(Dataset content)

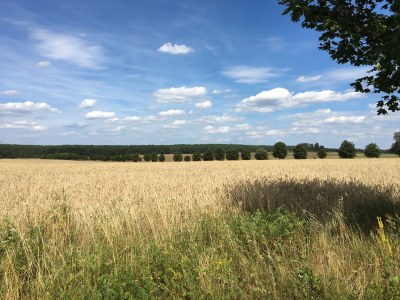 Holiday apartment The Blaue ("Blue") holiday apartment. - Environment photo 24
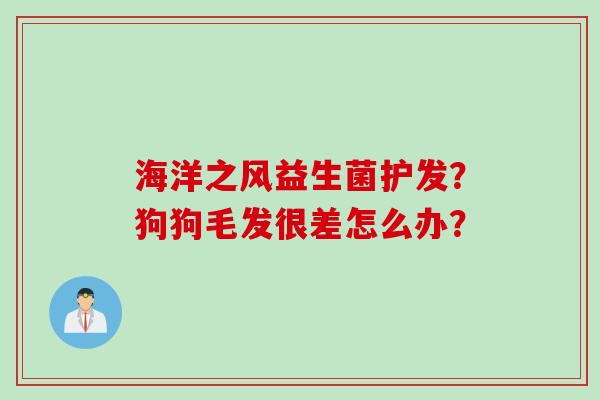 海洋之风益生菌护发?狗狗毛发很差怎么办? 海洋之风益生菌护发?狗狗毛发很差怎么办?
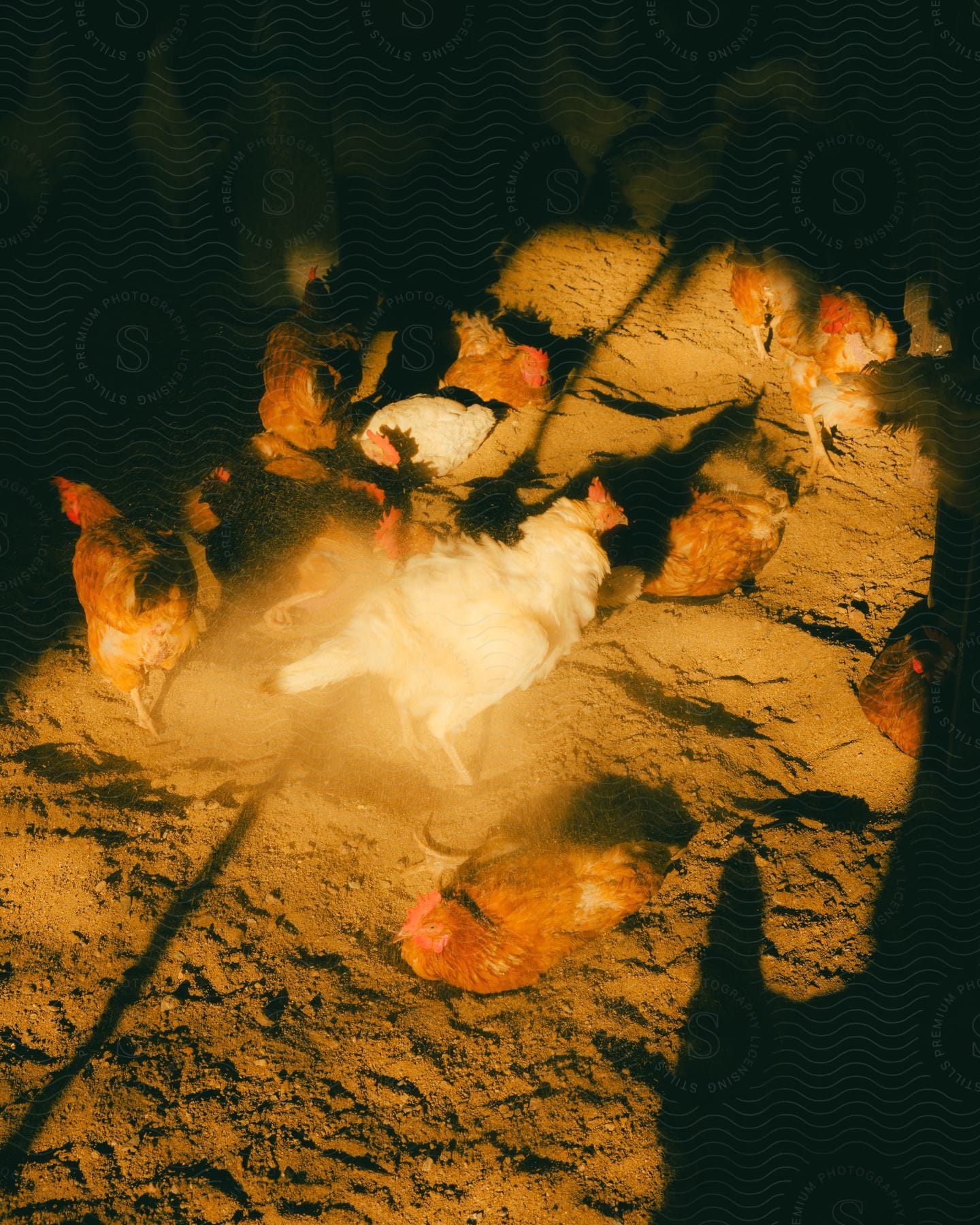 Light Shines On Chickens And Roosters In The Dirt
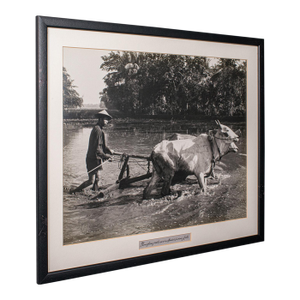 Vintage Photograph, Rural Indonesia, Oriental, Monochrome, Java, Mid Century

(End Dataset content)

**Work order**
Each line above should be output exactly, apart from the pictures.

**Problem solution**
 Holiday apartment The Blaue ("Blue") holiday apartment. - Environment photo 24
 海洋之风益生菌护发?狗狗毛发很差怎么办? 海洋之风益生菌护发?狗狗毛发很差怎么办?
 Light Shines On Chickens And Roosters In The Dirt
 Vintage Photograph, Rural Indonesia, Oriental, Monochrome, Java, Mid Century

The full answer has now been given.